Au même moment on assiste à une série d’explosions sociales. Les émeutes d’Harlem dès 1964, et en août 1965 le quartier de Watts qui s’embrase pendant plusieurs jours. Entre 1964 et 1968, plus de 200 villes américaines sont touchées par des révoltes des quartiers noirs. Une partie du mouvement noir se radicalise et remet en cause la stratégie non violente incarnée par Martin Luther King.
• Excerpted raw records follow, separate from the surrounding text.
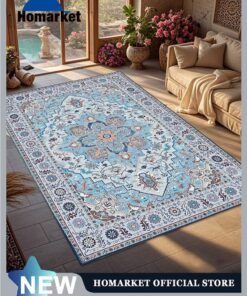 HomarKet Washable Area Rug 140X200CM Floral Vintage Traditional Floor Cover Foldable Thin Kitchen Accent Indoor Distressed Non Slip Carpet Floral Print Mat for Bedroom Living Room Bathroom Dining Room and Home Office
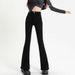 Meituan Online Supermarket's Same Style Blue Frayed Hem Flared Jeans Women, Summer High-waisted Slimming Pants For_ecoleips.com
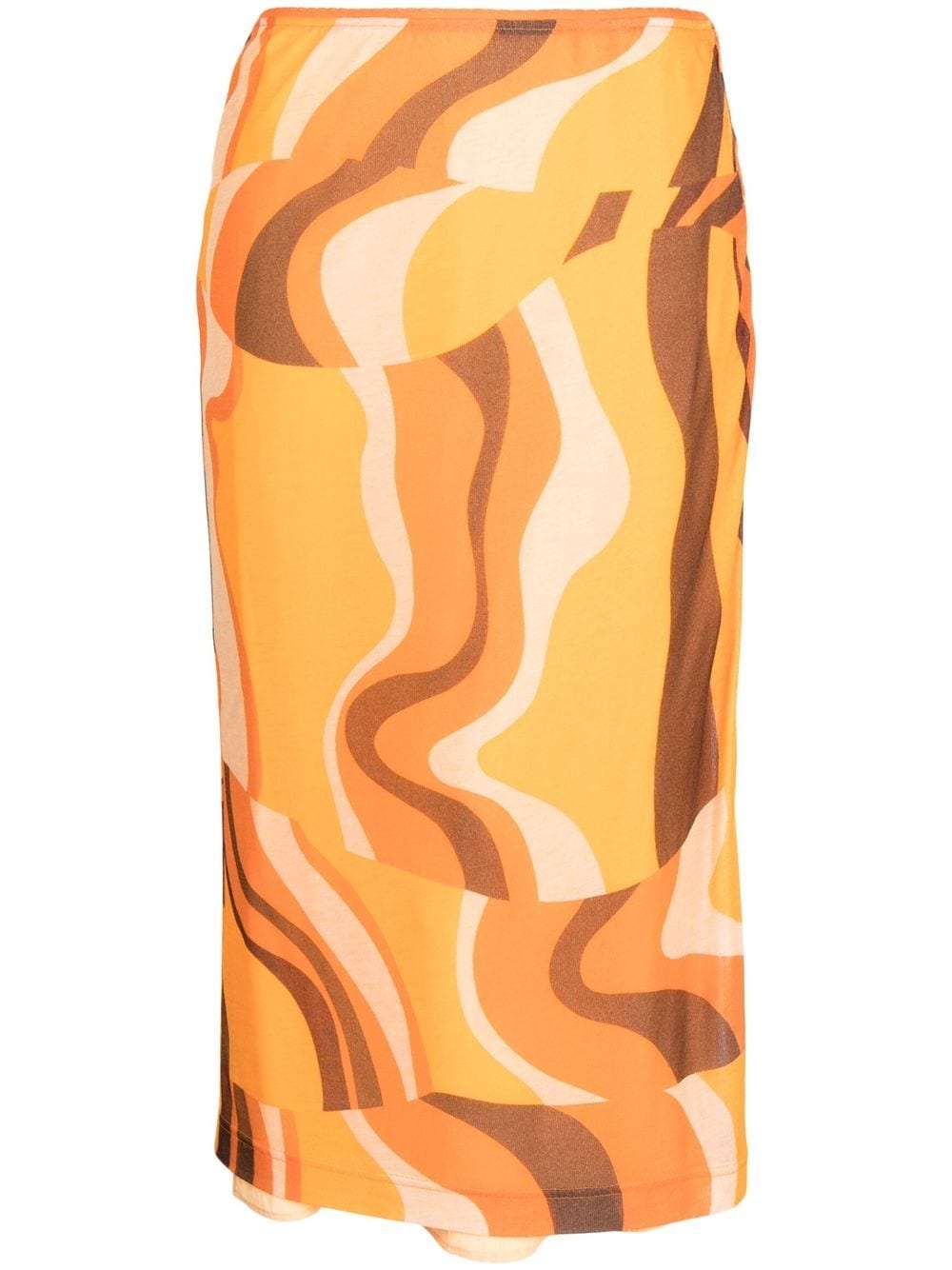 Mirren abstract-pattern midi skirt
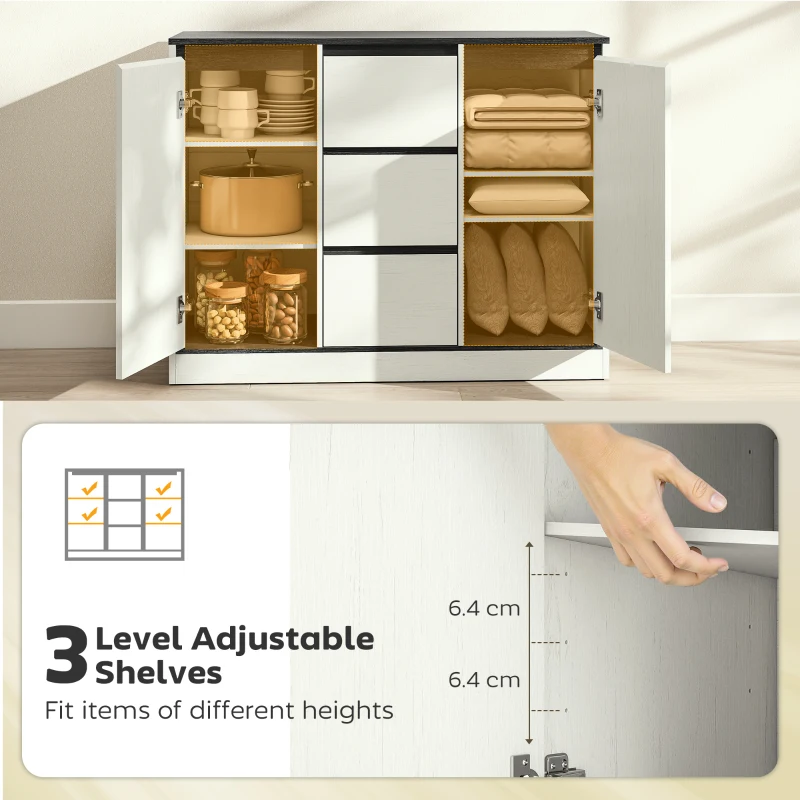 HOMCOM Buffet Cabinet with Soft-Close Hinges, Modern Sideboard with 3 Drawers and 2 Adjustable Shelves, White Wood Grain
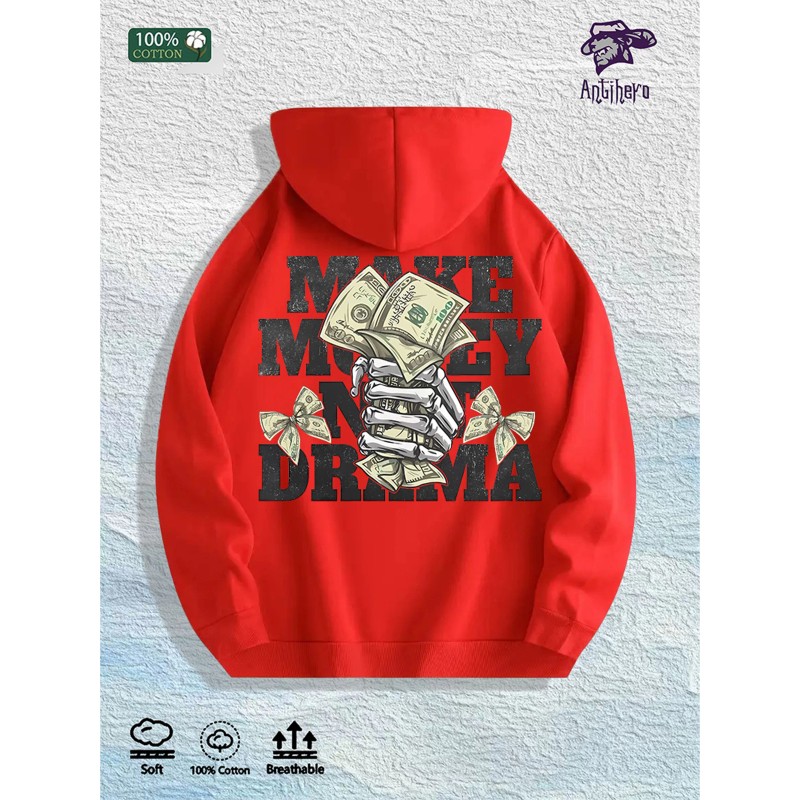 MAKE MONEY NOT DRAMA Graphic Hoodie 100% Cotton US Warehouse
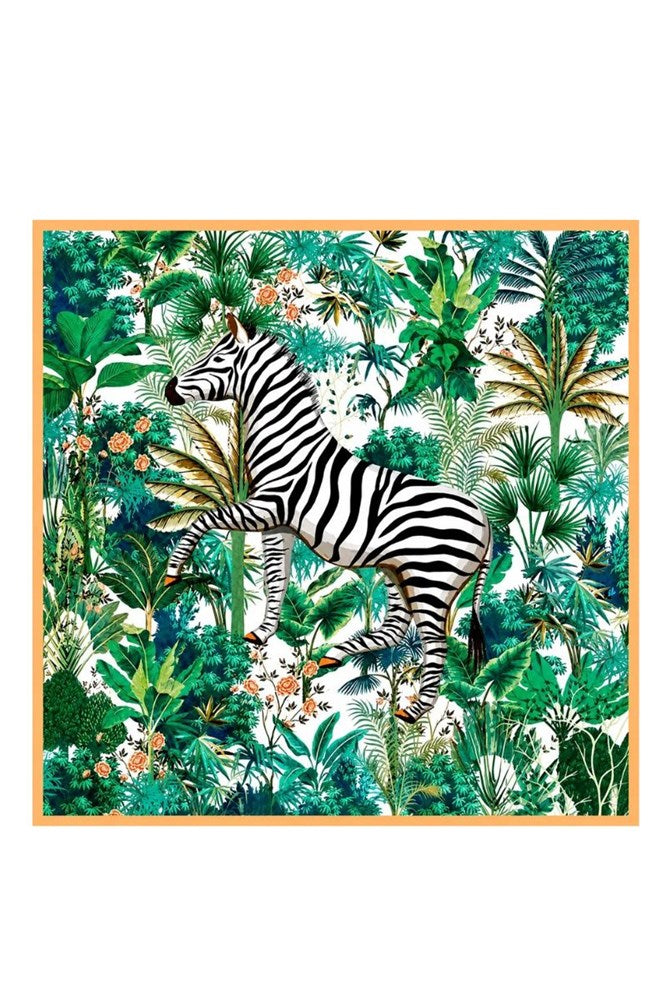 Zebra silk satin square scarf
Le Black Power devient l’expression de cette radicalisation. Au sein du SNCC, les militants parlent davantage sur l’autonomie politique des Noirs et sur leur capacité à s’organiser indépendamment des institutions blanches. En 1966 apparaît également le Black Panther Party, qui organise l’autodéfense armée face aux violences racistes, et développe des programmes sociaux dans les quartiers populaires.
Le mouvement du Black Power témoigne d’un mouvement noir de masse capable de défier l’ordre établi.
La répression et les opérations du FBI contre les dirigeants noirs jouera un rôle important dans l’affaiblissement du mouvement au début des années 1970. Mais le Black Power avait aussi ses propres limites. Son orientation nationaliste séparait la question raciale de la question sociale.
La révolte des Noirs jusqu’aux années 70 fut un mouvement de masse d’une ampleur exceptionnelle. Des millions de Noirs, ouvriers, habitants des ghettos, fermiers, femmes, hommes et jeunes, se mobilisèrent contre le racisme et l’oppression. Cette colère profonde s’exprima jusque dans le sport, comme lors des Jeux olympiques de Mexico en 1968, lorsque Tommie Smith et John Carlos levèrent le poing sur le podium. L’importance de cette mobilisation explique aussi la violence de la répression menée par l’État américain.
Cette révolte eut un écho international. Elle fut suivie avec attention dans les pays colonisés ou dominés par l’impérialisme, notamment en Afrique et aux Antilles. Elle représentait un enjeu mondial : si les travailleurs noirs parvenaient à entraîner les travailleurs blancs dans un combat commun, c’est l’ensemble du système capitaliste américain qui pouvait être ébranlé.
Malgré les divisions raciales entretenues par la bourgeoisie, des exemples d’actions communes existèrent entre travailleurs noirs et blancs, notamment lors de la révolte de Detroit en 1967, dans certaines grèves ou dans l’opposition à la guerre du Vietnam.
Cette convergence resta pourtant limitée. L’une des principales raisons fut l’absence d’un parti ouvrier révolutionnaire noir armé d’un programme d’organisation indépendante des travailleurs noirs. Les organisations nationalistes noires cantonnaient la lutte des Noirs au mouvement noir général. Il n’y eut rien de spécifique en faveur des travailleurs noirs des usines et des ghettos.
La révolte noire resta isolée de la classe ouvrière noire et de ce fait ne put faire la liaison politique et organisationnelle avec les frères de classe blancs. Malgré sa force et son importance historique, elle ne déboucha pas même sur un début de remise en cause générale du système social dominé par le capitalisme.